The Mewar Bhil Corps is a state armed police force of the Rajasthan Police. The Corps was originally raised by the British Indian government as a military unit along similar lines as units such as the Merwara Battalion and Malwa Bhil Corps. The Corps operated as a semi-military formation until 1938; since then it has been maintained as a para-military force.

As of 2015, the sanctioned strength of the Corps was 773 personnel. It is organized along with the battalions of the Rajasthan Armed Constabulary under an Additional Director General of Police for Armed Battalions.
The sole battalion of the MBC is deployed in Udaipur range.

==History==
The Mewar Bhil Corps was established in 1841 under the command of Captain W. Hunter, with its headquarters at Kherwara. The reasons for raising the Corps were two-fold: (a) to provide employment to members of the Bhil tribe, thus ensuring their "good behavior" and (b) to police the "difficult hill country" of Mewar.

=== Organization ===
As of 1891, the Corps had five officers - Commandant, Assistant Commandant, Adjutant, Wing Officer, and Medical Officer (of which the 2nd in command was stationed in Kotra, the others in Kherwara). The Commandant was also entrusted with political charge of the Bhomat region, also known as the Mewar Hilly Tracts. This officer acted as First Assistant to the Mewar Political Agent. The Assistant Commandant of the Mewar Bhil Corps was located in Kotra and acted as the Second Assistant to the Mewar Political Agent.

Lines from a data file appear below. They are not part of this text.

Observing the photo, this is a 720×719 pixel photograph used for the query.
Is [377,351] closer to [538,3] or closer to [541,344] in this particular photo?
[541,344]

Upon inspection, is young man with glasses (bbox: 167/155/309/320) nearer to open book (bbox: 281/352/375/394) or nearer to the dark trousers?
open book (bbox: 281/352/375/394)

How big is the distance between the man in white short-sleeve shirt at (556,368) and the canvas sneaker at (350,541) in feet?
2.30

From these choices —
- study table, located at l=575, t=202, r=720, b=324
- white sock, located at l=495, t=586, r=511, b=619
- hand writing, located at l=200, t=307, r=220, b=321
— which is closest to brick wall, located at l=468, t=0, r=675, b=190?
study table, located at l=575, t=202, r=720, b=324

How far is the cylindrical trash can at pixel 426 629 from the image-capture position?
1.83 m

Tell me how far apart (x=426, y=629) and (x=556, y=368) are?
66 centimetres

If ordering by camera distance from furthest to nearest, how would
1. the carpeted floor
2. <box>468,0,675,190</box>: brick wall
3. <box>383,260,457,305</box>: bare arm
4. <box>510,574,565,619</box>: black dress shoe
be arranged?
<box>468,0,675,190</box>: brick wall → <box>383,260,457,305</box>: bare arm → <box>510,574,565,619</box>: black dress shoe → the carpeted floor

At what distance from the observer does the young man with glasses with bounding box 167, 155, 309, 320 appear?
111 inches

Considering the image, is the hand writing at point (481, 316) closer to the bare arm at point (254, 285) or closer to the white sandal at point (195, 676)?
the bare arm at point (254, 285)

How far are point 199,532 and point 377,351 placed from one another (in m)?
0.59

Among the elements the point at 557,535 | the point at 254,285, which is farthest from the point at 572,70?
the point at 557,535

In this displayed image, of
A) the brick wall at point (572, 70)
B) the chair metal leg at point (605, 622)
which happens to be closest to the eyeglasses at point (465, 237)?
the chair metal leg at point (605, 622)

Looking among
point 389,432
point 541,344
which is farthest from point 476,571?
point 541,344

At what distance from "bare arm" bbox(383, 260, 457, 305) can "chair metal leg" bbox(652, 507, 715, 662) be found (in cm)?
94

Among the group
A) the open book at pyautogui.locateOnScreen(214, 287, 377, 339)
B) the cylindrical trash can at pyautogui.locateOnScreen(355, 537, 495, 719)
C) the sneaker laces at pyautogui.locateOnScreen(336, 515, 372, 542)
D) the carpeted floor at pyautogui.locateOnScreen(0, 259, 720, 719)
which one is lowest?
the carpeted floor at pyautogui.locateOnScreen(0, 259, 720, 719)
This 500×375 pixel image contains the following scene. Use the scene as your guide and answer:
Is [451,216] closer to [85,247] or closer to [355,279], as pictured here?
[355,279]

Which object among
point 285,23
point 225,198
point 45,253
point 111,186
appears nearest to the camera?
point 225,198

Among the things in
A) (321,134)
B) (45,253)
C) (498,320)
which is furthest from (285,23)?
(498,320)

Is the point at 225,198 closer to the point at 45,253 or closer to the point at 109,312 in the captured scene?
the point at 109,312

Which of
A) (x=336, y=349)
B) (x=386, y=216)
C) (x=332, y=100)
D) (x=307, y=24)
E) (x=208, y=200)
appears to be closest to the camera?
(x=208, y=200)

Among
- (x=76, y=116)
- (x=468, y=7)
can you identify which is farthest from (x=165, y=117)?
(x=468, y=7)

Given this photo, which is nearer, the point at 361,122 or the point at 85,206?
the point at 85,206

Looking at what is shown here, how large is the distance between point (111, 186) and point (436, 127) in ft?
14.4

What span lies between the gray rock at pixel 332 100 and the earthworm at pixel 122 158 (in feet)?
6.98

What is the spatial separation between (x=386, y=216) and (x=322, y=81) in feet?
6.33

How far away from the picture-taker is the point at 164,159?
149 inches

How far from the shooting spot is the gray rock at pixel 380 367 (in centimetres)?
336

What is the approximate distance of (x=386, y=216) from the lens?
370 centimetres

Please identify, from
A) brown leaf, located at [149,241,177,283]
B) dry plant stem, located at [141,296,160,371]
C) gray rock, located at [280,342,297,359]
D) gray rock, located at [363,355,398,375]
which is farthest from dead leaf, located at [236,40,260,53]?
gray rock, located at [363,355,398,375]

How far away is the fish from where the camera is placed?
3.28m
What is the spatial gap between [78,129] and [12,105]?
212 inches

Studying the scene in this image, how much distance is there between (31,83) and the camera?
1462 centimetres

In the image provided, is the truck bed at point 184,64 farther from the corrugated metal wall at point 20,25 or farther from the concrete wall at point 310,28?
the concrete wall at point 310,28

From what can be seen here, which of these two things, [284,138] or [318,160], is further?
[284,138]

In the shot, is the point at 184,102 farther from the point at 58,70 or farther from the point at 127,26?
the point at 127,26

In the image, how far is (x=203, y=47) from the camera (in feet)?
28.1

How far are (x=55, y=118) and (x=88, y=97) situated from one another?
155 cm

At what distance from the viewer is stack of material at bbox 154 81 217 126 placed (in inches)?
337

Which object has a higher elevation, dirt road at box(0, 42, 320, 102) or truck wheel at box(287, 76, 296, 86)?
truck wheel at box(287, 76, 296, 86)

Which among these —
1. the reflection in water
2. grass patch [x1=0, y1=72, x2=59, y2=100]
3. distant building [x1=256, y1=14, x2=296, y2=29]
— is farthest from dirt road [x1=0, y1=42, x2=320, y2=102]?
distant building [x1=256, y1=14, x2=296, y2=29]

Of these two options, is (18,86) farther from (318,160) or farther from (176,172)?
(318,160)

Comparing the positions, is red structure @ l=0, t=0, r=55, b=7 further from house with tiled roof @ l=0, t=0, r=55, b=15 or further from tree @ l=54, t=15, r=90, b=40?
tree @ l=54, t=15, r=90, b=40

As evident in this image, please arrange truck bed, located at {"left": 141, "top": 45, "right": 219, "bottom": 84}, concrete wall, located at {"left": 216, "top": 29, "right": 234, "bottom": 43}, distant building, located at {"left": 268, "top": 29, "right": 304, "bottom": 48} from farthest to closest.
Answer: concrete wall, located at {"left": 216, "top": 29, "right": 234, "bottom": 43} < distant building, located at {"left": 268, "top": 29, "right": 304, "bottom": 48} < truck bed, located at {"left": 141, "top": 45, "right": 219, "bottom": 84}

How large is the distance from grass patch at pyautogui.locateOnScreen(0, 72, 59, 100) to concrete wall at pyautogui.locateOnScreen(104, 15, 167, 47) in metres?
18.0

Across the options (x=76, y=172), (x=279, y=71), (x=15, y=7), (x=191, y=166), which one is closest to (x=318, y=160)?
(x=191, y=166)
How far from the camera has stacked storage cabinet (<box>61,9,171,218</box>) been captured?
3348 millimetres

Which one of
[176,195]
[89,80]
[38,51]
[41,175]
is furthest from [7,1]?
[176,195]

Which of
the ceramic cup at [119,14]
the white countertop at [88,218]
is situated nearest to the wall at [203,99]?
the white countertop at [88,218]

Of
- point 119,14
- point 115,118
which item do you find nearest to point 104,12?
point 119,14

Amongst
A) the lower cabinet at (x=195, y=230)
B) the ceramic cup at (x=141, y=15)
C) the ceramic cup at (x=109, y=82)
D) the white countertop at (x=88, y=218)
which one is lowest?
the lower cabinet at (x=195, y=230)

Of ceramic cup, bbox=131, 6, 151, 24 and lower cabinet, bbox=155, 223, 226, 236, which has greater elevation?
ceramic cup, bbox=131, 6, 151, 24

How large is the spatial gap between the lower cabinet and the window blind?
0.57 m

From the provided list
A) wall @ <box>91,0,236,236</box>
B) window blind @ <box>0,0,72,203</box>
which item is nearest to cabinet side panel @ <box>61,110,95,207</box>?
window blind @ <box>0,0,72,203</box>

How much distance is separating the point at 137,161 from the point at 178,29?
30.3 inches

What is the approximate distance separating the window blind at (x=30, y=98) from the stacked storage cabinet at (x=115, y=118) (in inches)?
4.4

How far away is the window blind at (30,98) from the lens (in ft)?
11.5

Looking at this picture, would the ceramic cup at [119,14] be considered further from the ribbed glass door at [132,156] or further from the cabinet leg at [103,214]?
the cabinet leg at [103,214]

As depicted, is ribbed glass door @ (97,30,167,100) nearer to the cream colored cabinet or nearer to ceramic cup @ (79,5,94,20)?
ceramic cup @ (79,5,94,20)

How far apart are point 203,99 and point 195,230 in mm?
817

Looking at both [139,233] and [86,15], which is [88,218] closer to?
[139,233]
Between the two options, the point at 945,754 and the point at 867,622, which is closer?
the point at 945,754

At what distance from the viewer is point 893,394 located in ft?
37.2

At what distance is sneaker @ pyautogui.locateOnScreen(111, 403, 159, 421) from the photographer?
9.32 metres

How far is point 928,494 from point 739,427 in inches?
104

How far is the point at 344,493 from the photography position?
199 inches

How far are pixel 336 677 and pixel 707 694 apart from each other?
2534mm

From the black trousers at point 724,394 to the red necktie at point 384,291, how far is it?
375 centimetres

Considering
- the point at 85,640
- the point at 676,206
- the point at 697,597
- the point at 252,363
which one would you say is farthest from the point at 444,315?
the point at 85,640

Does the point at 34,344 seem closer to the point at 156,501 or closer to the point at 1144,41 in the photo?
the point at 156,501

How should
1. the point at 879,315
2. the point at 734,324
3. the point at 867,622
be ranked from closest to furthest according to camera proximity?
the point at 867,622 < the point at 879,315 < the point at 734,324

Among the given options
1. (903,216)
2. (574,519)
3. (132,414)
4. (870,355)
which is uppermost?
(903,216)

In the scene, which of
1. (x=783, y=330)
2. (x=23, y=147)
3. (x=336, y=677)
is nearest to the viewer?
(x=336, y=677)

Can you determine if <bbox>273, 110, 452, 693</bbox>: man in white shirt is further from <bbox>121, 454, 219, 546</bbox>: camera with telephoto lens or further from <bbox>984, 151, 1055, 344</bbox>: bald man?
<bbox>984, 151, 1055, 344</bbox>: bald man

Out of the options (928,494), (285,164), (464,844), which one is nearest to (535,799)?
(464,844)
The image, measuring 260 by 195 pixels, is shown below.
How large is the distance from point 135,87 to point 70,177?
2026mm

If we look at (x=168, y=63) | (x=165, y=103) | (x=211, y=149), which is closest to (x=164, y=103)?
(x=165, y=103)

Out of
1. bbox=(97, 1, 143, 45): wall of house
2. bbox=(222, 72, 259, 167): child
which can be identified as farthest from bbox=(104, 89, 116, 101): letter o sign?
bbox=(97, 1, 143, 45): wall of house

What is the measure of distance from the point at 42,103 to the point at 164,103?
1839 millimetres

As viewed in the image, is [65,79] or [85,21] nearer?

Until the 1930s, regular military officers used to be appointed to the Corps; after that time, officers in the Indian Army Reserve were appointed because of the paucity of regular officers.

=== Size of the Corps ===
The initial strength of the Corps was 4 companies, which was increased to 10 companies in 1844, of which 3 companies were stationed in the village of Kotra (in present-day Kotra tehsil). In 1861, the Corps was reduced to 8 companies, 6 at Kherwara and 2 at Kotra. As of 1891, a detachment of the Corps was stationed in Udaipur as an escort to the Resident of Mewar. As of 1932, the strength of the Corps was 633 ranks.

=== Expenses ===
It was raised at a cost of Rs. 120,000 of which the Mewar State paid Rs. 50,000 and the remainder by the British Indian Government. In the early decades, the Mewar State contributed Rs. 50,000 annually for the upkeep of the Corps but, in 1883, it was arranged that instead of the payment, the British Government should take revenues from the villages in the Mewar portion of Mewara. As of 1932, the annual expense of the Corps was Rs. 2.29 lakhs.

=== Engagements ===
The Mewar Bhil Corps' primary function was to maintain the internal security in Mewar State, such as providing guards for residences at Mount Abu and Udaipur, and was never pressed into active service in a war. The following were the Corps' better known engagements in matters of internal security.

==== 1857 Rebellion ====
During the Indian Revolt of 1857, the Mewar Bhil Corps remained loyal to the British. One wing of the 1st Bengal Cavalry was stationed at Kherwara cantonment, which was a cause of concern to the British as the other wing of the cavalry in Nimach had revolted. Captains J.C. Brooke and R.M. Annesley who were the Commandant and second-in-command respectively, arranged for the Mewar Bhil Corps to shut the passes leading out of Kherwara and keep the Bengal Cavalry in check.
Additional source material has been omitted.